Cross-Frequency Coupling Increases Memory Capacity in Oscillatory Neural Networks
Connor Bybee, Alexander Belsten, Friedrich T. Sommer

TL;DR
This paper introduces a novel oscillator neural network model incorporating cross-frequency coupling, demonstrating that CFC enhances memory capacity and enables error-free pattern retrieval in neural networks, aligning with observed brain oscillations.
Contribution
It presents a new oscillator neural network model with subharmonic injection locking that predicts the functional role of CFC in increasing memory capacity and pattern retrieval in neural systems.
Findings
CFC increases neural network memory capacity.
CFC enables error-free pattern retrieval.

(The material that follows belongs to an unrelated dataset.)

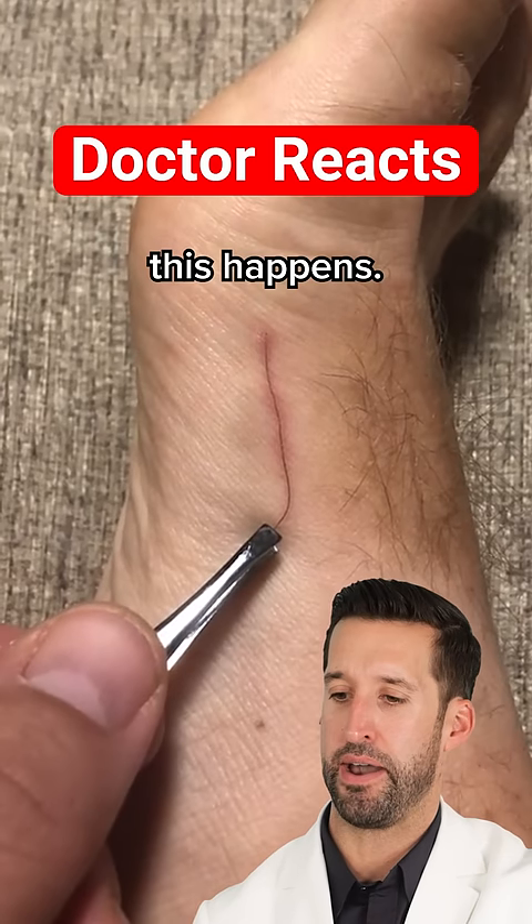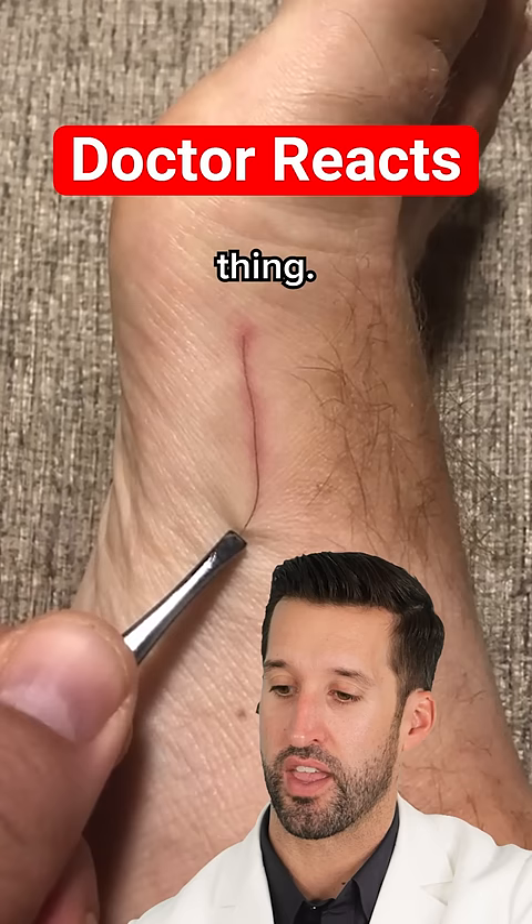Oh yeah, this happens. You get a rogue hair underneath the skin and you're grabbing it out of there — look at that thing. Wow. It's almost like a splinter; it behaves like a splinter.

The model aligns with hippocampal and cortical oscillation ratios.
Abstract
An open problem in neuroscience is to explain the functional role of oscillations in neural networks, contributing, for example, to perception, attention, and memory. Cross-frequency coupling (CFC) is associated with information integration across populations of neurons. Impaired CFC is linked to neurological disease. It is unclear what role CFC has in information processing and brain functional connectivity. We construct a model of CFC which predicts a computational role for observed oscillatory circuits in the hippocampus and cortex. Our model predicts that the complex dynamics in recurrent and feedforward networks of coupled oscillators performs robust information storage and pattern retrieval. Based on phasor associative memories (PAM), we present a novel oscillator neural network (ONN) model that includes subharmonic injection locking (SHIL) and which reproduces…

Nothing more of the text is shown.